The wiki page GhcAstAnnotations does not appear to reflect any of the discussion. Indeed it appears to describe only the first bullet from ticket:9628#comment:88527
There has been quite a lot of traffic on ghc-devs that is not captured anywhere. That's fine: an email list is good for discussion. But my input bandwidth is low and struggle to make sense of it all. And the conclusions from the discussion may be useful.
Alan has posted a useful summary to Haskell Cafe, which isn't captured on a wiki anywhere.
Alan has done some work identifying users for the new features, and written some email notes about that; again this would be useful to capture.
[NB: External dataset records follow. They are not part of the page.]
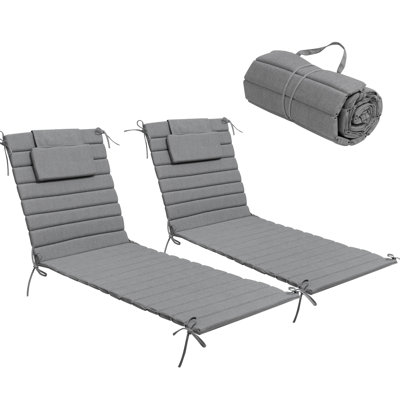Foldable Outdoor Chaise Lounge Seat / Back Cushion Set with Headrest (Set of 2)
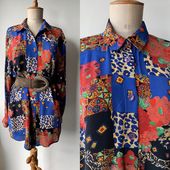 1980s colorful animal & floral print vintage blouse,blue floral blouse,vintage womens shirt,80s maximalist leopard blouse,Divina Switzerland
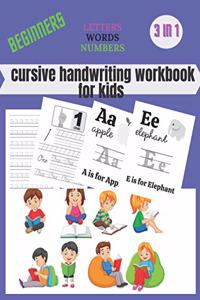 cursive handwriting workbook for kids beginners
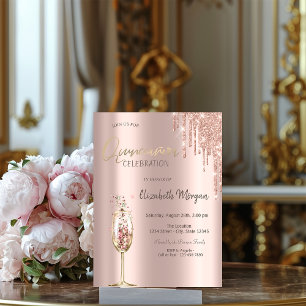 Invitación Copa de Champagne con Drip de Brillo Quinceañera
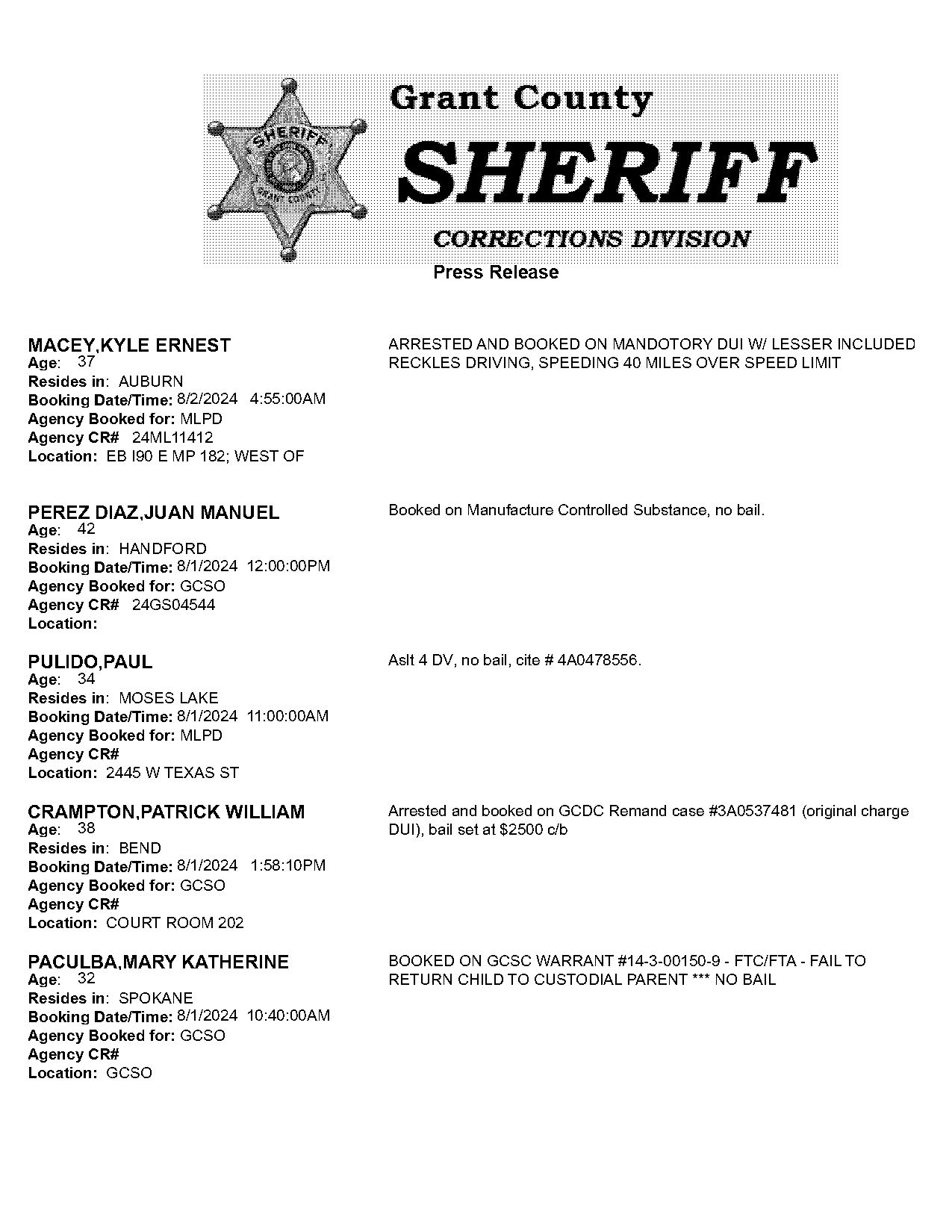 grant county wa arrest records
I am too slow to take a big patch and try to reverse-engineer the thought process that went into it. Would be possible to update the wiki page (presumably GhcAstAnnotations) to state
The problem we are trying to solve
The user-visible (or at least visible-to-client-of-GHC-API) design
Other notes about the implementation.
Covering the larger picture about the GHC API improvements you are making (eg no landmines) would be helpful. Maybe you need more than one page.
I'm delighted you are doing this. But I don't want to throw a lot of code into GHC without a clear, shared consensus about what it is we are trying do to, and how we are doing it.
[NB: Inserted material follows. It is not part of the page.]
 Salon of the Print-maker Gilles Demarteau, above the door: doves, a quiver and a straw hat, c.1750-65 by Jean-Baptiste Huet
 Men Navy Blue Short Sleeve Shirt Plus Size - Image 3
I'm concerned about the proliferation of data types. As I read it you intend to have a new data type for each constructor of each data type in HsSyn. That's a LOT of new data types! And I bet you'll soon want Eq, Ord, Data instances for them as well as Typeable. Indeed you say
I wonder if something simpler and more dynamically-typed might do. Suppose you had
lookupApiAnns :: Typeable value => ApiAnns -> SrcSpan -> String -> Maybe value
so that ApiAnns is really a map from (SrcSpan, String, TypeRep) to values, where TypeRep there is the TypeRep of the value. The String is the dynamic bit. Now you could say
processHsClassDecl :: ApiAnns -> LTyClDecl n -> ...processHsClassDecl anns (L l (ClassDecl { ..} )) = r where Just kwd_loc = lookupAPiAnns anns loc "class-keyword" :: Maybe SrcSpan Just mb_loc = lookupApiAnns anns loc "class-mwhere" :: Maybe (Maybe SrcSpan) ...
OK so you might type those strings in wrong -- but if you do the look up will fail.
I don't want this to sink under the sheer weight of gratuitous declarations.
Oh and you could use the same string in lots of places. e.g. "where-keyword" might be used in a number of constructs.